What could be more sexy than self-acceptance and a good dose of sweat?
I consider myself lucky enough to have a good deal of progressive, feminist friends whom, while not at all always in agreement, are able to talk shop around gender construction and sexism. At a house party last night, I found myself in bed with three women, the conversation centered around body hair. We were all from different backgrounds and cultures (and different generations), which only underscored the potency of what we all believed: the stigma against body hair is ridiculous.
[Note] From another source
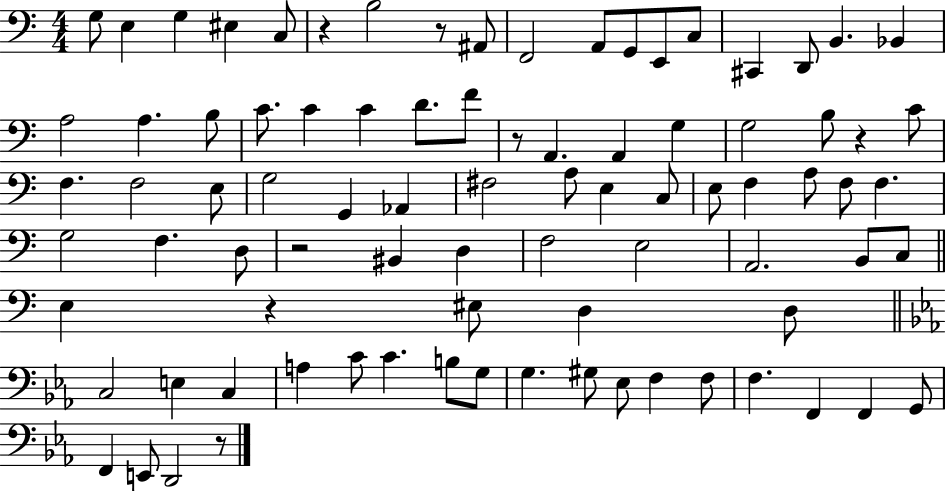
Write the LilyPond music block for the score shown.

I told them how I had experienced the brutal stares of the public when I went without shaving for some time, and they told me about how often they go without shaving their legs or bikini lines. The common denominator? Despite the uncomfortable looks and “Oh my god, you don’t shave!?” conversations, our advocacy was only further cemented. The idea of conventional femininity is two-fold for me. I have always loved the glamour and pomp of 1940s Hollywood starlets, but I’ve also always seen beauty in women who defy the “acceptable.” Beauty, to me, is the ability to feel comfortable in your own personal aesthetic and to inspire others to feel that way as well. Beauty is not synonymous with skinny or curvy, or hairlessness.
We’ve had tons of discussions about femininity recently — important ones, ones that will no doubt change the global conversation. Talking about Miley Cyrus’ pits, Chinese activist Xiao Melli’s #WomensArmpitHairCompetition, Laverne Cox, and Caitlyn Jenner is just the beginning. But behind closed doors, women all over are fighting against traditional womanhood.
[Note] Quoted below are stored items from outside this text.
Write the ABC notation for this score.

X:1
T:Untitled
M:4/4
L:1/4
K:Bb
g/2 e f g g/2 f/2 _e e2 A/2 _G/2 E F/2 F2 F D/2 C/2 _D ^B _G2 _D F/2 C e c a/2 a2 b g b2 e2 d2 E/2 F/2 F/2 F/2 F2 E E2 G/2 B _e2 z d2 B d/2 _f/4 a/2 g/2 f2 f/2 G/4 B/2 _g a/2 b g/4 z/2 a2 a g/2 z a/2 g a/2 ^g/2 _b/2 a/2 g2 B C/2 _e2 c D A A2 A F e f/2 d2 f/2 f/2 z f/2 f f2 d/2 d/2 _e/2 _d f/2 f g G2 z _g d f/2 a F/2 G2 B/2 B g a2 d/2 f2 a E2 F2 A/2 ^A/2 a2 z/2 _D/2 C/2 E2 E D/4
Sometimes, though, it’s not all about the body politic. Sometimes, it’s about pleasure. Beyond the political movement for acceptance, there’s a lot to be said for body hair. It can be a real sexual trigger! So, if we’re talking about breaking gender regulations, we should accept that our bodies aren’t just objects. They’re magnificent kingdoms of pleasure, pheromones, and intimacy. What could be better than exploring your own pleasure? And, what could be more feminist than not policing your body hair according to social standards?
Having body hair means that you’re trapping more sweat (which is oozing with pheromones). According to Today I Found Out, “Thus, the theory goes that because the hair naturally wicks these secretions away from the skin, it allows for better ventilation and a more prominent smell than you’d achieve without it.”
According to WebMD, our genius bodies are all very different. We sniff one another out and decide –via pheromone perception — which bodies we want. Ps: we like the scents of others whose genetic immunity to diseases differs from our own! Pretty romantic, right?
According to one hairy lady over at Nerve.com:
Some people shave their armpits and deodorize a lot. That takes away from one very sexual element: pheromones. For instance, I ride a bike. I shower, and I take care of my hygiene, but I still ride a bike, so I’m going to sweat. The pheromones are there. People will smell that. And I think that’s how I’m going to know whom I’m most sexually compatible with. I don’t like it when people’s natural scent is completely suppressed. I mean, there’s nothing sexy about someone with really bad body odor, but someone who is overly cologned and therefore can’t attach himself or herself to their own body scent might not be the best sexual partner either. People don’t smell like flowers and roses all the time.
I agree! According to The Joy of Sex by Alex Comfort, armpit hair is a major part of “excitatory repertoire.” Comfort makes no qualms about that, and neither should you. In my own personal experiences, body hair has definitely been part of that excitement. I would venture to say that there’s something very sexy about not only adoring your lovers’ scent but in accepting one another’s bodies as they naturally are.